Des patrouilles chinoises en Afghanistan?

Alliée du Pakistan, la Chine entretient de bonnes relations avec l’Afghanistan, au point que certains se demandaient, en janvier 2015, si Pékin n’allait pas profiter du désengagement partiel de l’Otan et des États-Unis du pays pour y jouer un rôle plus important.

Pour le président afghan, Ashraf Ghani, une bonne entente avec la Chine se justifierait par les moyens de pression de cette dernière sur le Pakistan, où a trouvé refuge le mouvement taleb. Par ailleurs, pour Pékin, la stabilité de l’Afghanistan est capitale pour éviter les infiltrations jihadistes dans sa province occidentale du Xinjiang, en proie aux revendications séparatistes des Ouïgours musulmans. C’est d’ailleurs pour cette raison que les autorités chinoises ont soutenu l’intervention américaine lancée en octobre 2001.

Qui plus est, la Chine garde un oeil intéressé sur les ressources du pays. Déjà, en 2007, la compagnie d’État China Metallurgical Group Corporation avait ainsi décroché un contrat d’exploitation de la mine de cuivre de Mes-Aynak dans la province du Logar.

Cela étant, la situation en Afghanistan est délicate. L’an passé, les forces gouvernementales afghanes ont de nouveau reculé face aux taliban, au point que, d’après l’Inspection générale pour la reconstruction de l’Afghanistan [SIGAR, une agence américaine, ndlr], elles ne contrôlent plus qu’environ 57% des 407 disctricts contre 72% un an plus tôt.

Aussi, c’est ce qui pourrait expliquer la présence de troupes chinoises dans l’extrême-nord de l’Afghanistan, qui partage avec la Chine une frontière de 76 km, située au bout du corridor du Wakhan.
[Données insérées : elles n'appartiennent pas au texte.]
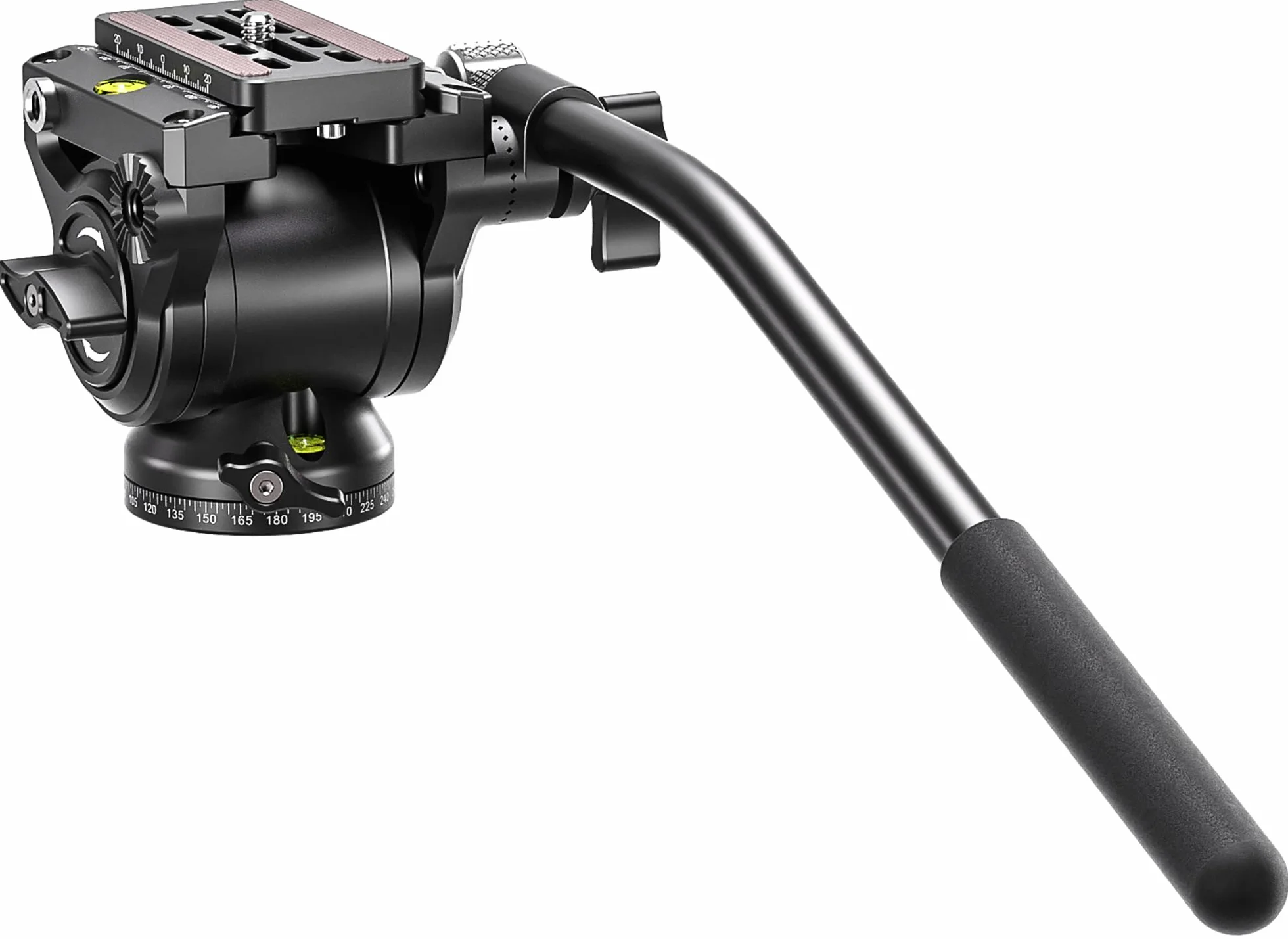 Leofoto - Testa video fluida - Alluminio aeronautico - Peso ridotto - Capacità di carico: 4 kg - Perfetto per il videografo esigente - BV-5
En effet, des photographies de véhicules militaires chinois, prises dans la région de Pamir Khord [ou Petit Pamir], ont été diffusées par le site WION en novembre 2016.

Sur ces clichés, on peut y voir l’équivalent chinois du Humwee américain, le Dongfeng EQ 2020 (ou Mengshi) ainsi qu’un blindé de type MRAP (Mine Resistant Ambush Protected) Norinco VP11. Cela étant, il n’est pas impossible que ces véhicules aient été livrés aux forces afghanes dans le cadre d’une aide militaire.
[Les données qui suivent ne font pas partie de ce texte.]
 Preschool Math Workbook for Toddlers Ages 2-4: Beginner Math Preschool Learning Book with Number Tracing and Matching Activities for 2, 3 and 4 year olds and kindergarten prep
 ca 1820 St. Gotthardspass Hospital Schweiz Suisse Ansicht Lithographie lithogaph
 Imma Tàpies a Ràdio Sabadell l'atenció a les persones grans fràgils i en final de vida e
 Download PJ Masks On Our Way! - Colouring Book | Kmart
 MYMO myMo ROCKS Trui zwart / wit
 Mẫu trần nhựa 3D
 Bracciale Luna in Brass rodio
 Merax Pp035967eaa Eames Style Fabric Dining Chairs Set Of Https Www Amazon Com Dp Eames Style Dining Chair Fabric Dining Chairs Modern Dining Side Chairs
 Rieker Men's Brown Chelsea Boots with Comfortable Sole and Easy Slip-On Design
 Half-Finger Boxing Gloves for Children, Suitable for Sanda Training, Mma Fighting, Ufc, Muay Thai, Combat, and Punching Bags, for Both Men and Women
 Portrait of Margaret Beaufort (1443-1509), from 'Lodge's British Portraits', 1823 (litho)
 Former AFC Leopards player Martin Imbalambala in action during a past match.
Mais, en février dernier, l’Institut américain Asie centrale-Caucase, de l’Université Johns-Hopkins, a confirmé cette présence militaire chinoise dans cette région, en se basant sur des déclarations de diplomates et des témoignages. Et de rappeler que, en août 2016, la Chine, l’Afghanistan, le Tadjikistan et le Pakistan s’étaient mis d’accord sur un renforcement du contrôle des frontières, dans le cadre d’un mécanisme dédié [le Quadrilateral Cooperation and Coordination Mechanism – QCCM].

Plus tard, interrogé sur ce point, le colonel Ren Guoqiang, un porte-parole de l’Armée populaire de libération (APL), a nié catégoriquement toute présence militaire chinoise en territoire afghan. « Le rapport affirmant que l’armée chinoise a patrouillé en Afghanistan est faux », a-t-il dit. En revanche, il a évoqué des opérations de « contre-terrorisme » conjointes le long de la frontière, sur « la base d’accords bilatéraux » passés entre les deux pays. Et, à Kaboul, on ne dit pas autre chose.
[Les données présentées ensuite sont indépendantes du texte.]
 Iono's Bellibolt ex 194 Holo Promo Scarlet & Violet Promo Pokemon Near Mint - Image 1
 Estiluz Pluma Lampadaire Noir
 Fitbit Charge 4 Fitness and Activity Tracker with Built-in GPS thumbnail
Reste que, d’après Military.com, le Pentagone assure être au courant de cette présence militaire chinoise en Afghanistan. « Nous savons qu’ils sont là, qu’ils sont présents », a lâché un porte-parole, sans plus de commentaires.

« Compte tenu de tous les éléments de preuve, il n’y a pratiquement pas de doute que des patrouilles frontalières, avec une participation chinoise, ont été menées sur le sol afghan dans le Petit Pamir. Elles ont depuis été très probablement suspendue [depuis la sortie des photographies des véhicules chinois, ndlr]. Néanmoins, le gouvernement afghan nie fermement que ces patrouilles ont eu lieu. […] Cependant, cela implique sur le gouvernement afghan ne sait pas ce qui se passe dans le Petit Pamis et/ou que la procédure pour établir de telles patrouilles conjointes est profondément viciée. Les deux options soulèvent des questions préoccupante au sujet des capacités du gouvernement afghan », a conclu l’analyste de l’Institut Asie centrale-Caucase.